It is not strictly speaking a disease, but it may cause unpleasant symptoms in certain individuals. It is mostly found in women aged 30 to 50 and the cause is unknown. Some surgical procedures are associated with a break in the barrier between the endometrium and the muscle layer and may lead to adenomyosis.
These procedures include Caesarean sections, curettage of the uterus and termination of pregnancy. Adenomyosis is not associated with the development of cancer.
How does adenomyosis cause symptoms?
The ectopic (in the wrong place) glands in the muscle will react to hormonal changes during the menstrual cycle exactly in the same way as normal endometrial glands.
In the first half of the cycle, which starts after menstruation, the developing egg cell in the ovary will stimulate the production a hormone called oestrogen. This hormone is designed to thicken the normal endometrium in order to prepare for a possible pregnancy.
The same ‘thickening’ or growth also happens in the adenomyosis deposits.

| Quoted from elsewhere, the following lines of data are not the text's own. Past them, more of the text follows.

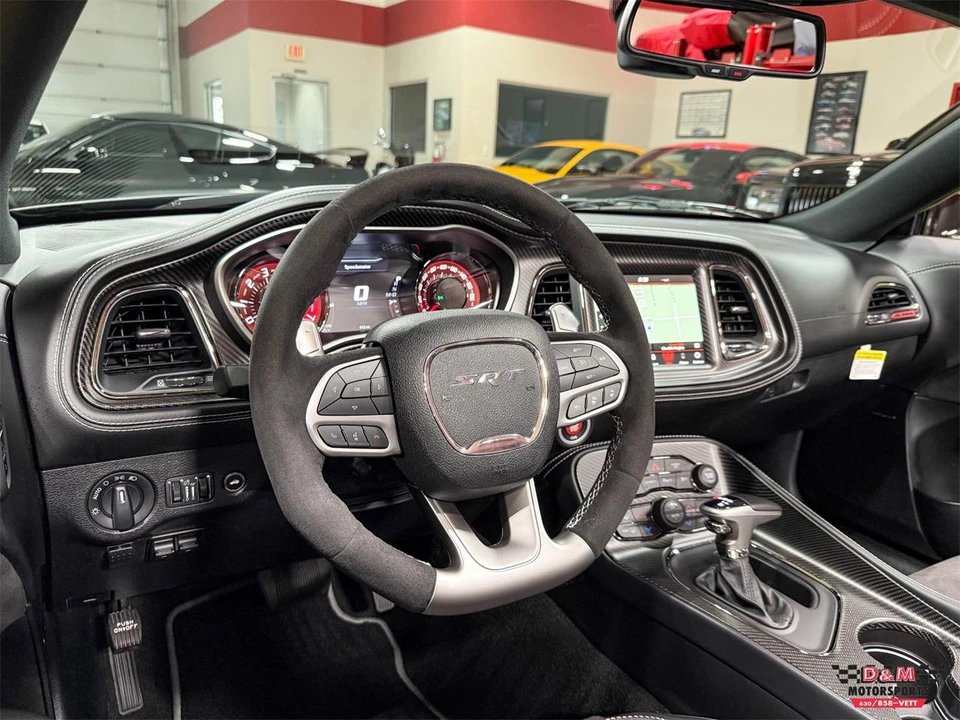 2023 Dodge Challenger 3rd Gen - Image 13 of 31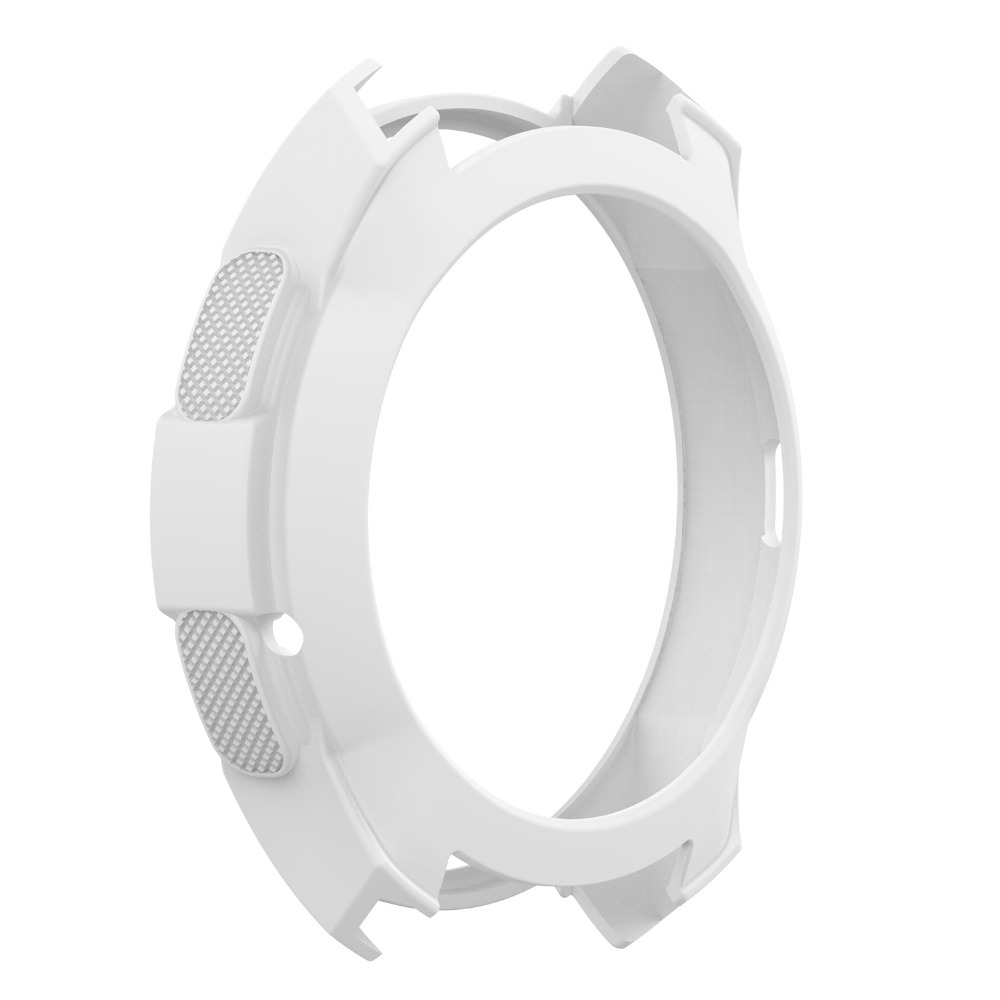 Silicone Frontier Case For Samsung Galaxy Gear S3 7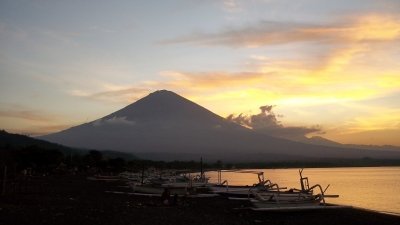 Explore Bali's vibrant activities with two daily adventures in 3 days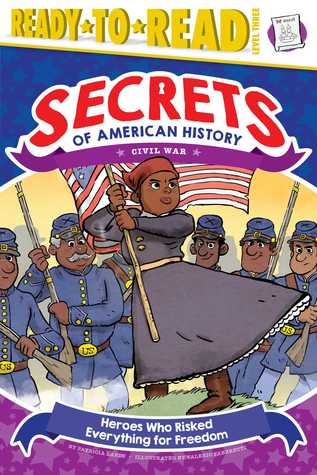 [9682f] ~R.e.a.d~ Heroes Who Risked Everything for Freedom: Civil War - Patricia Lakin #e.P.u.b~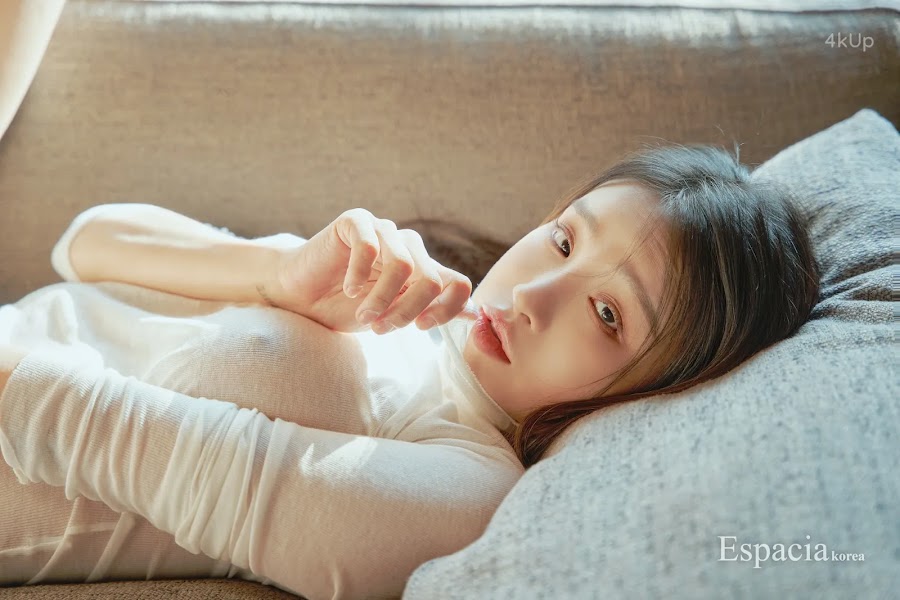 [Espacia Korea] EHC#104 Lee Snow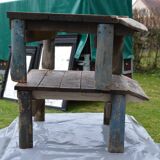 2 old hive support tables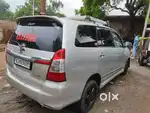 Toyota Innova 2008 Diesel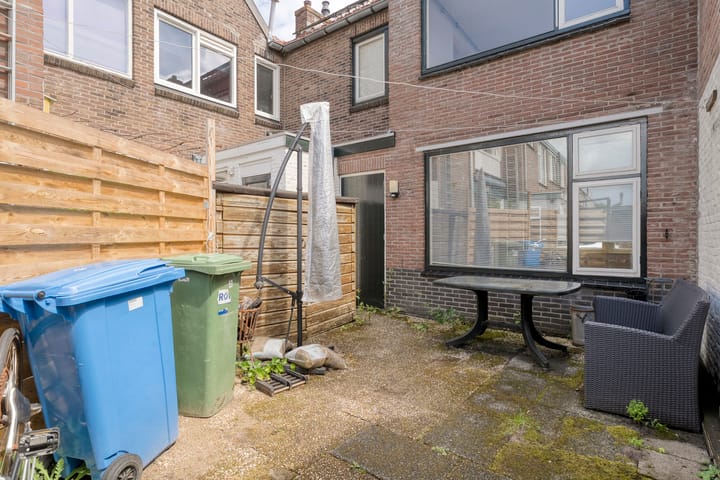 Foto 16 van Meidoornstraat 28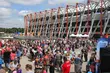 Dzień Dziecka. Stadion miejski odwiedziło prawie 20 tys. osób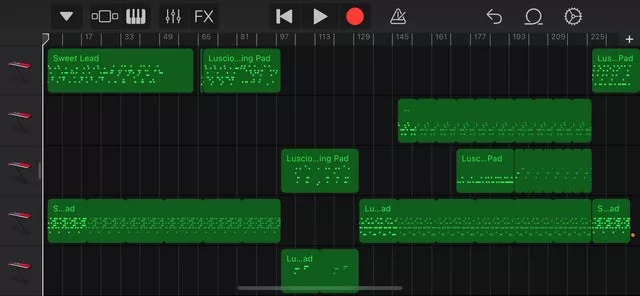 How To Make Chiptune Music In Garageband 7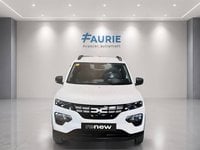 Voitures D'occasion À Trélissac | Dacia Spring Essential -23B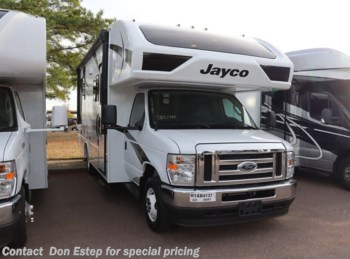 New 2024 Jayco Redhawk 24B available in Southaven, Mississippi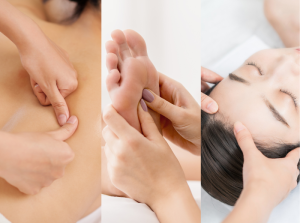 The Buff Day Spa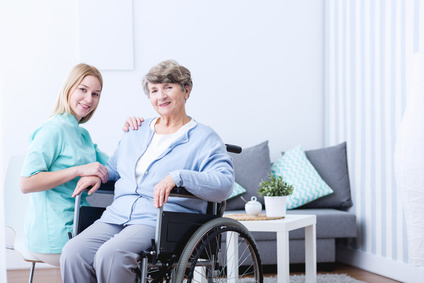 Osteuropäische Haushaltshilfe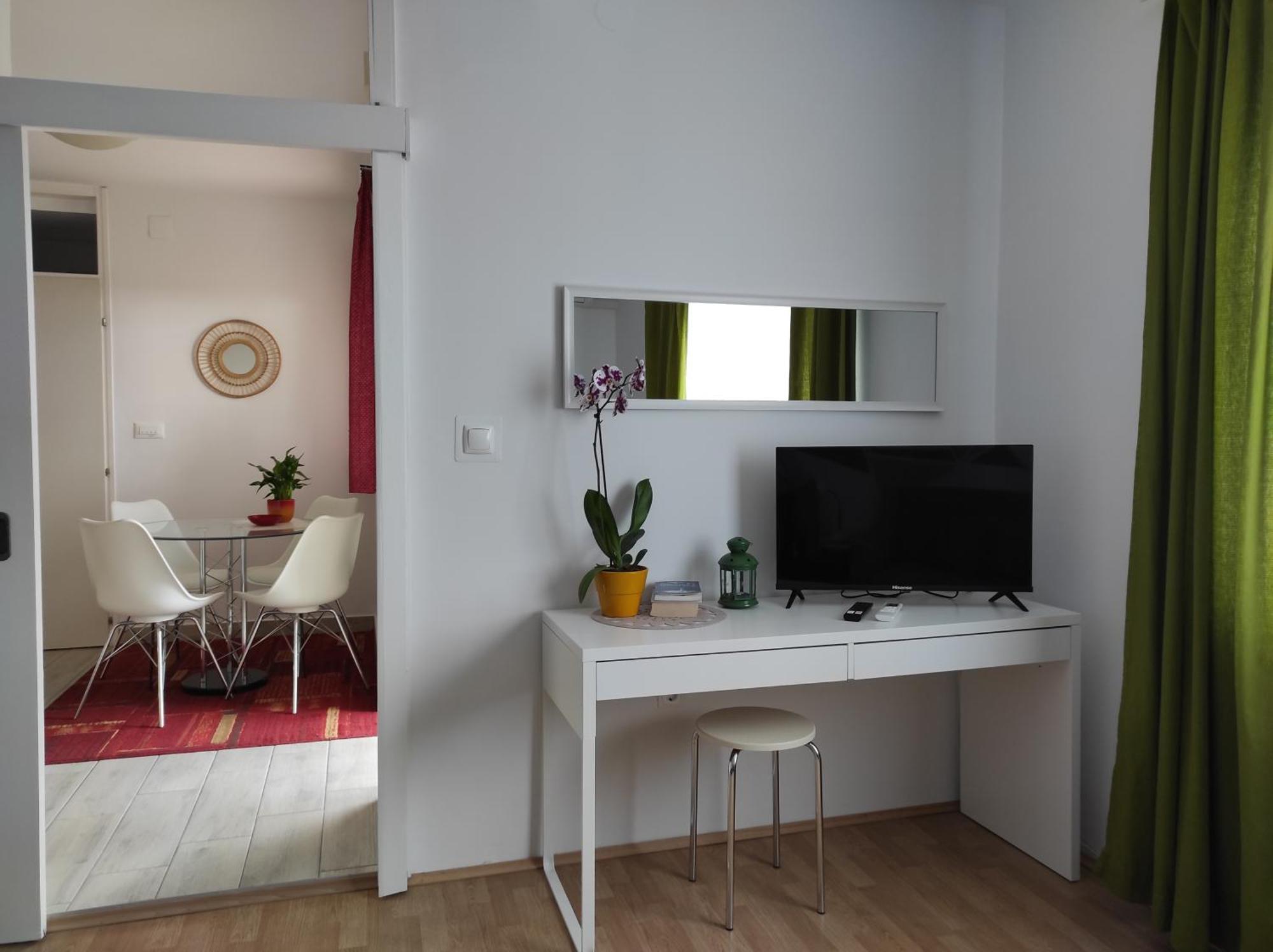 Apartment Stipcic-Mreznicki Brig Duga Resa Eksteriør bilde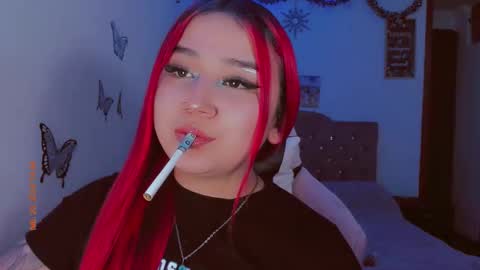 Snapshot of madison_x17 chatting on February 21, 2026, 12:44 am madso x17 online show from February 21, 2026, 12:44 am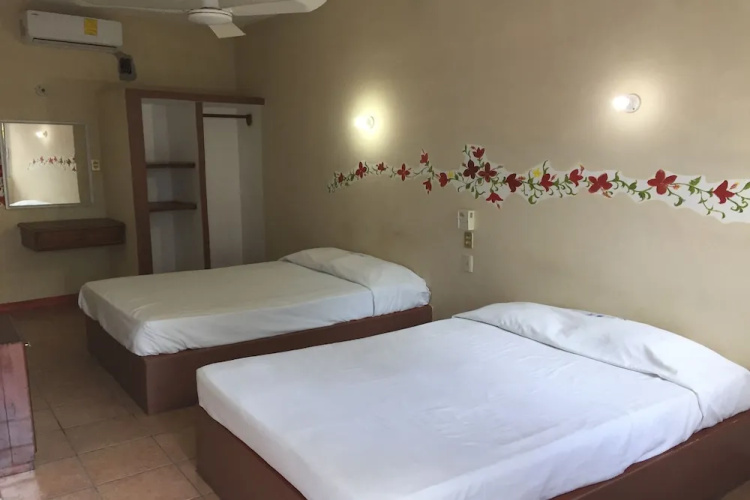 OYO Hotel Virginia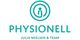 Physionell Julia Neelsen und Team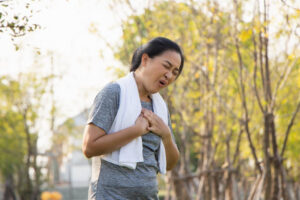 接种AZ高端疫苗胸闷、胸痛猝死,是主动脉剥离?两大名医解析主动脉剥离成因、致死率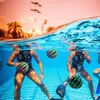 Песчаная игра в воду веселья под водой надувные воздушные шары для баллончиков плавание у бассейна игра пляжные спортивные игрушки для детей 230711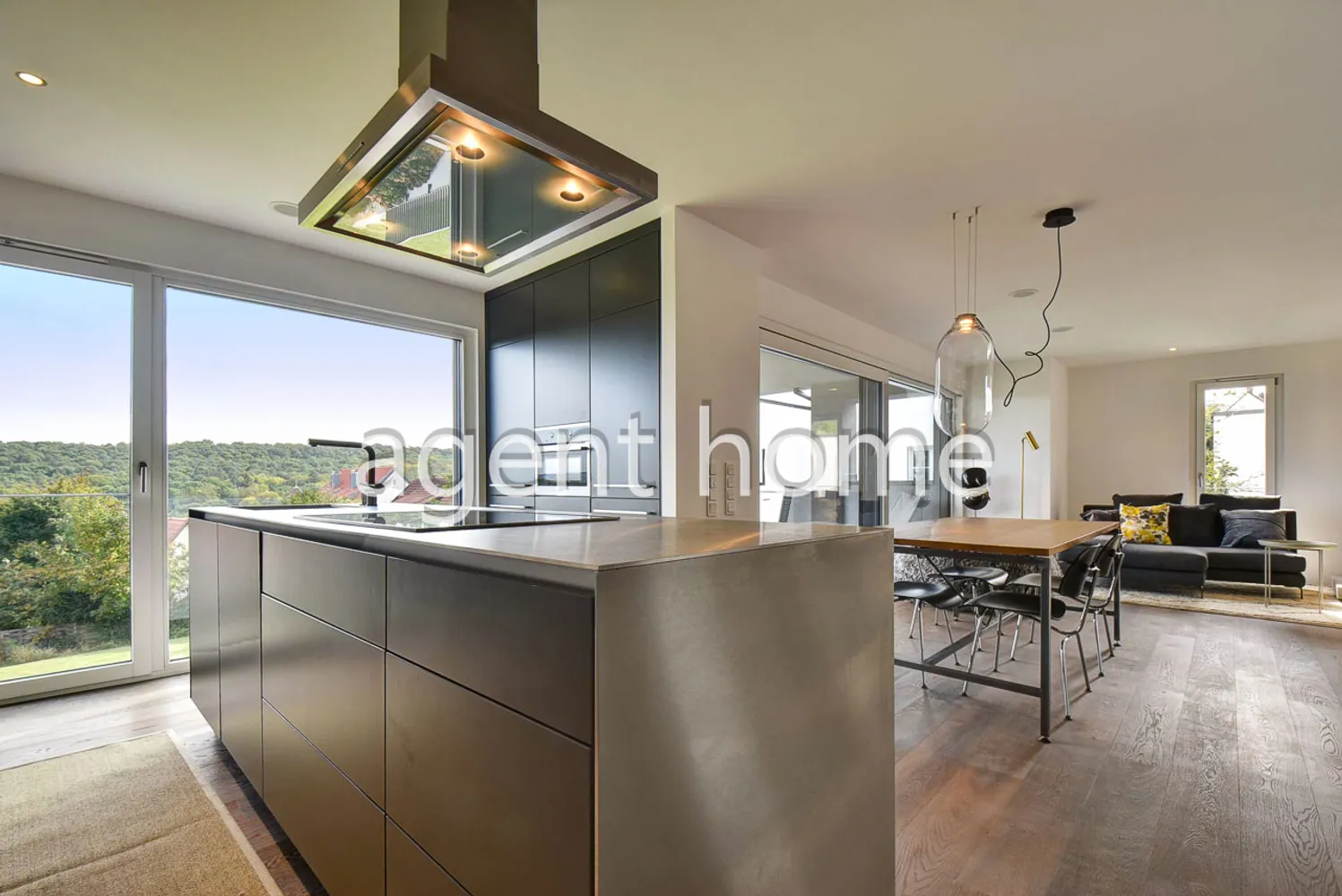 4 room apartment with 120 m² in Stuttgart – Photo 11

After ovulation the hormone progesterone is secreted by the ovary and this will cause further changes in the endometrial glands. When a pregnancy does not occur, the hormone levels will start to decrease before the next menstruation.
During menstruation the endometrial glands become very thin and some of the tissue is shed, which is seen as menstrual blood. The same process will occur in the glands of adenomyosis and over months the repeated shedding of tissue may lead to the development of a small cyst (bubble) of blood deep in the muscle of the uterus.
These cysts are called adenomyomas. Adenomyosis may cause enlargement of the uterus and may cause pain and heavy menstruation. The pain is often cyclical and is worse around the time of menstruation. This is referred to as dysmenorrhoea in medical terms.
After the menopause the level of oestrogen declines significantly. The symptoms associated with adenomyosis may clear completely or reduce in intensity. Some women may experience a significant improvement after pregnancy.
How is it diagnosed?
It may be very difficult to diagnose adenomyosis with certainty. A good history combined with an internal pelvic examination is possibly the best way to diagnose the condition. The doctor will find an enlarged uterus with tenderness.
If the condition is severe, adenomyomas may be seen on ultrasound examination but usually the uterus only appears uniformly enlarged. Other special forms of imaging such as Magnetic Resonance Imaging (MRI) may be more accurate, but is rarely used due to the cost. In many cases the diagnosis is only confirmed when the uterus is examined by a pathologist after a hysterectomy.
Mild symptoms are usually well controlled by means of medical management. Simple painkillers from the non-steroidal anti-inflammatory class (NSAIDs) are very effective. Hormonal treatment, to reduce the effects of oestrogen, is also widely used. The combined oral contraceptive or the two/three month contraceptive injections will reduce pain and bleeding problems. A medicated intra-uterine contraception device that releases a progesterone-like hormone may also improve symptoms.
In a small number of situations an operation may be done to remove adenomyomas without removing the rest of the uterus. This is only done if there are significant symptoms and there is a wish for future fertility.
If the symptoms do not settle on medical treatment a hysterectomy may be indicated. This is only an option if the family is complete. A hysterectomy will offer complete and permanent relief if the symptoms were indeed caused by adenomyosis. Removal of the endometrium by a procedure called an endometrial resection is not a good option, because the symptoms may persist and a hysterectomy might eventually become necessary.